§ About this exercise
Go to the line that contains "Once assembled, the", then write out that line and all that follow to the end of the listing, exactly and without pictures.

§ Recorded data

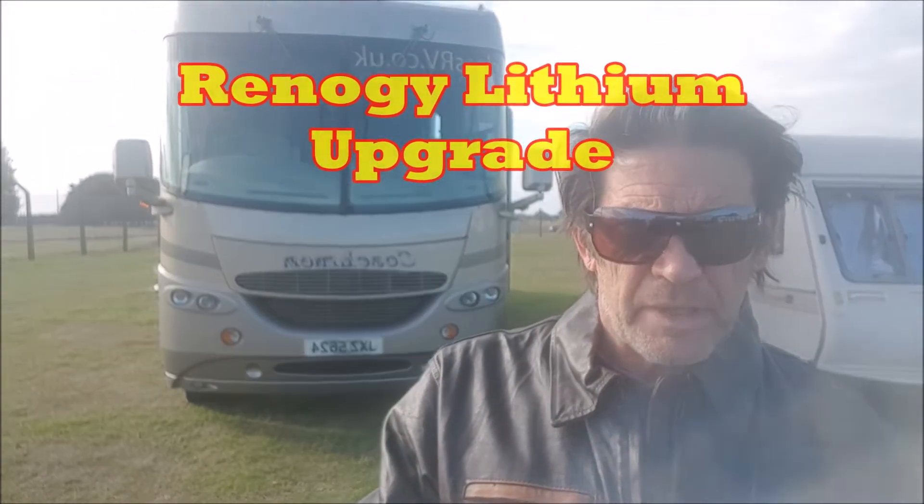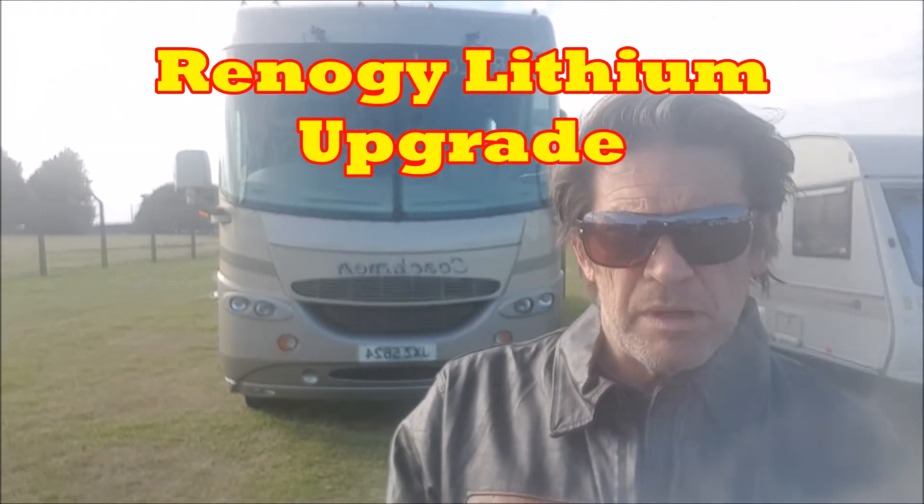Is Renegy solar panels and lithium systems good for you? We actually put one in this beast behind us, did some tests, and we'll give you a conclusion.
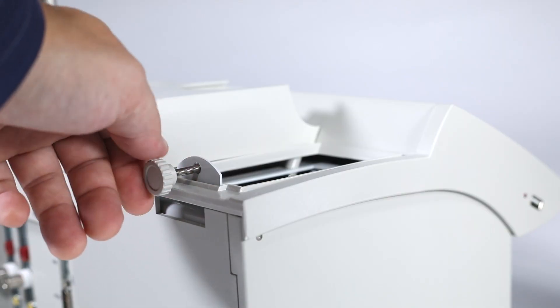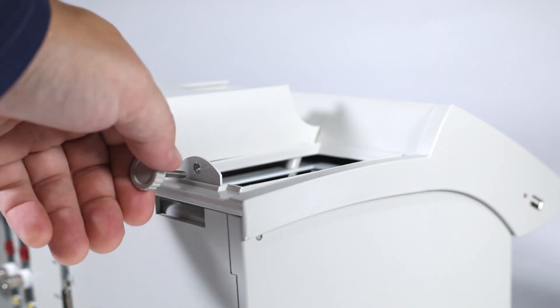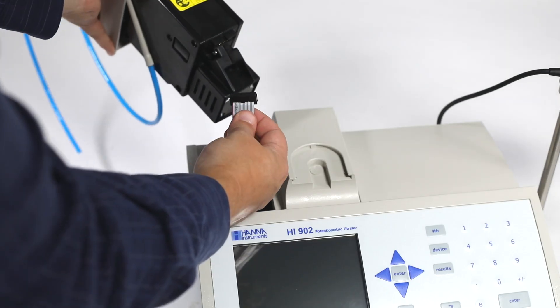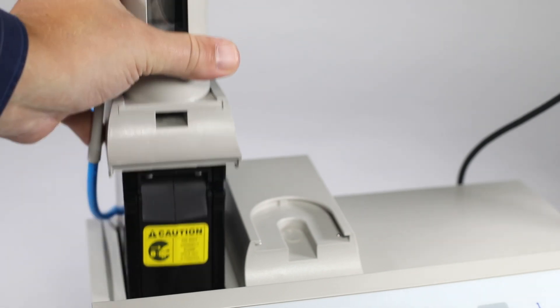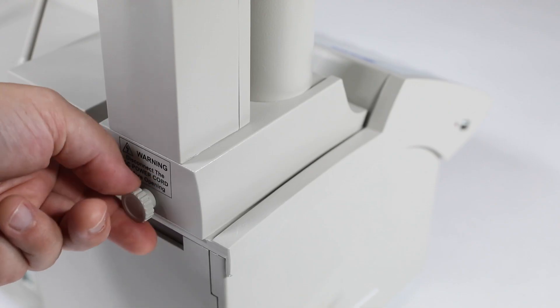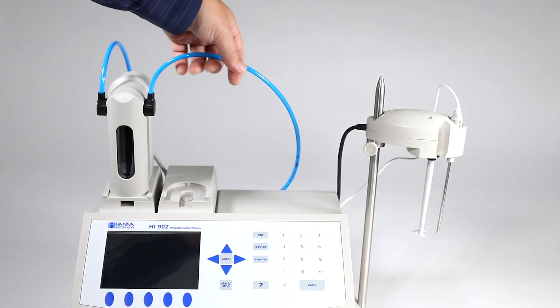Once assembled, the next step is the burette pump. Before installation, make sure the power cord is not plugged in. To install, remove the pump retaining screw and attach the inside cable to the pump. Place the pump into position and re-tighten the retaining screw. After that's done, take the titration tubing and dispensing tip and put them into place.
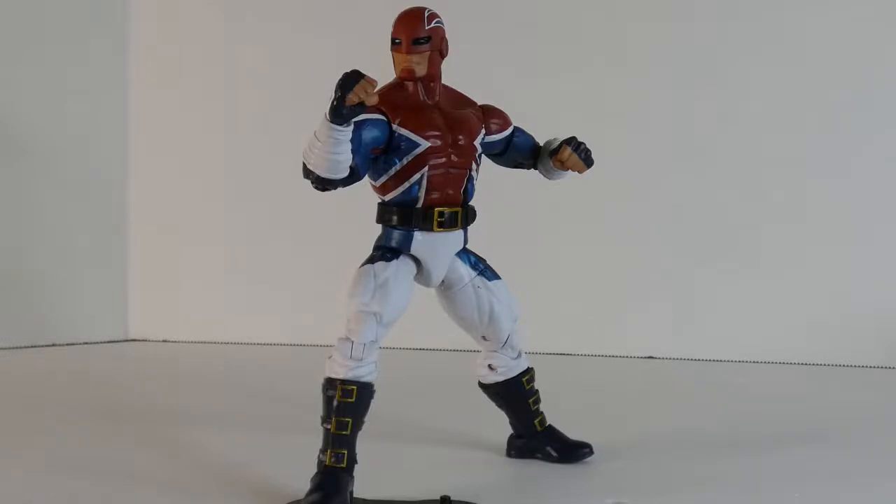Alright, so that's my review of Captain Britain here on Infinite Realms. Don't forget to like and subscribe. Have a great day — we'll see you next time.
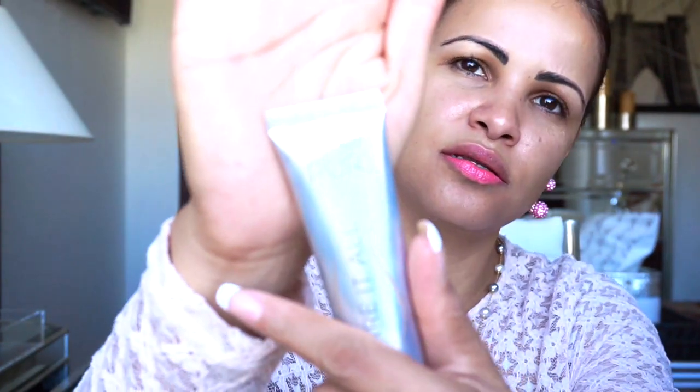For this look I'm going to be using this foundation from Pure Cosmetics. My shade is in Golden Medium — it's called Buried All. This is a 12-hour, four-in-one skin perfecting foundation. It's a high-performance, 12-hour demi-matte foundation that helps cover imperfections and instantaneously perfect skin.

§ Worked solution
Once assembled, the next step is the burette pump. Before installation, make sure the power cord is not plugged in. To install, remove the pump retaining screw and attach the inside cable to the pump. Place the pump into position and re-tighten the retaining screw. After that's done, take the titration tubing and dispensing tip and put them into place.
Alright, so that's my review of Captain Britain here on Infinite Realms. Don't forget to like and subscribe. Have a great day — we'll see you next time.
For this look I'm going to be using this foundation from Pure Cosmetics. My shade is in Golden Medium — it's called Buried All. This is a 12-hour, four-in-one skin perfecting foundation. It's a high-performance, 12-hour demi-matte foundation that helps cover imperfections and instantaneously perfect skin.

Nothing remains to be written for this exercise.